*ACTIVITY:*
What you return should match the listing exactly, minus its images.

*INFORMATION SUPPLIED:*
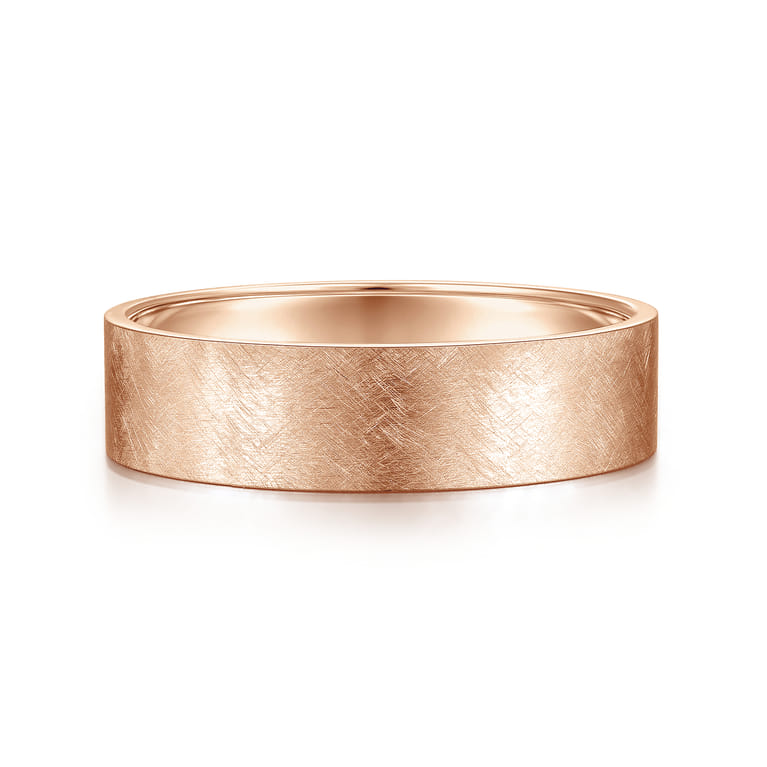Jaxson - 14K Rose Gold 6mm - Brushed Finish Men's Wedding Band - Shot 1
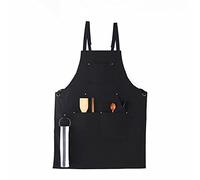 LiuliuBull Denim Barbecue Apron Adjustable Cross Back Straps Multifunctional Large Pocket Working Clothes For Chef Tattoo Artists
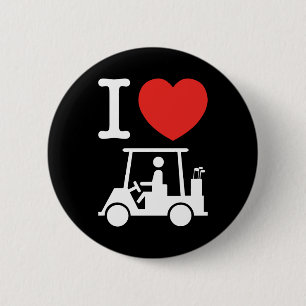 Bóton Redondo 5.08cm I Heart (Love) Golf Cart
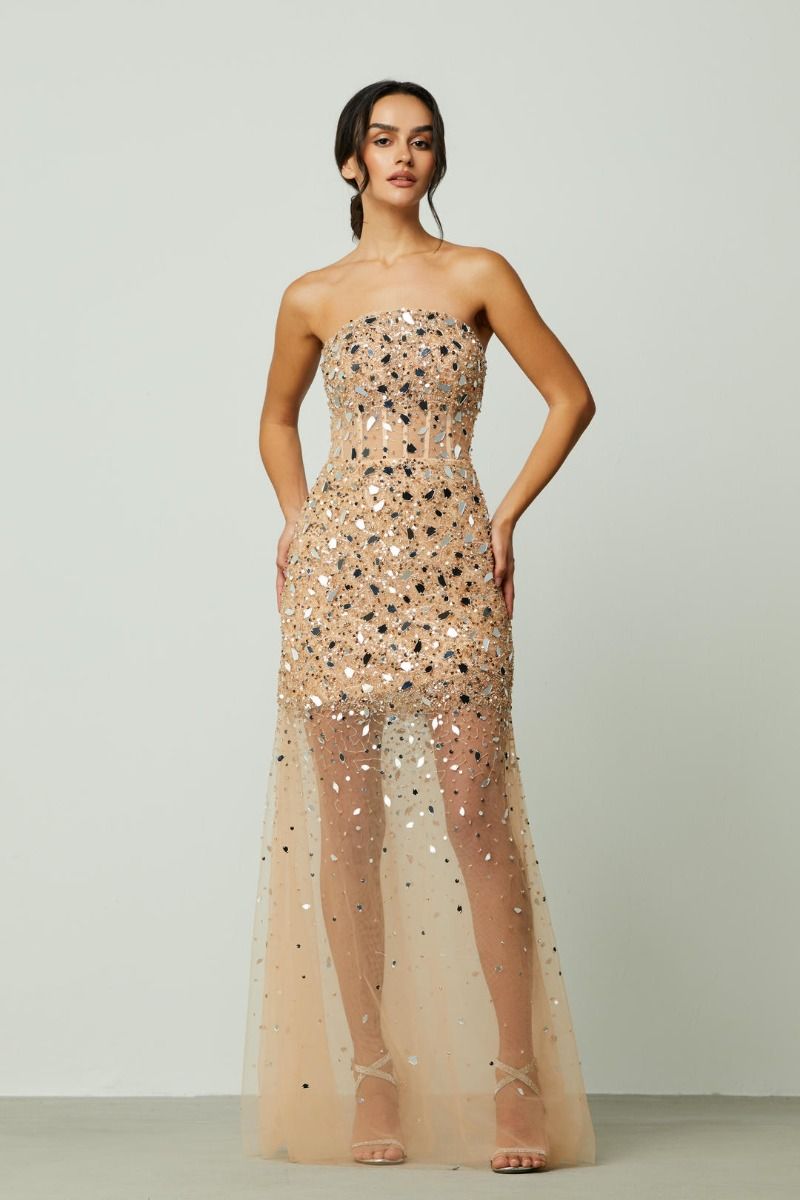 Golden sequin dress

*WRITTEN SOLUTION:*
Jaxson - 14K Rose Gold 6mm - Brushed Finish Men's Wedding Band - Shot 1
 LiuliuBull Denim Barbecue Apron Adjustable Cross Back Straps Multifunctional Large Pocket Working Clothes For Chef Tattoo Artists
 Bóton Redondo 5.08cm I Heart (Love) Golf Cart
 Golden sequin dress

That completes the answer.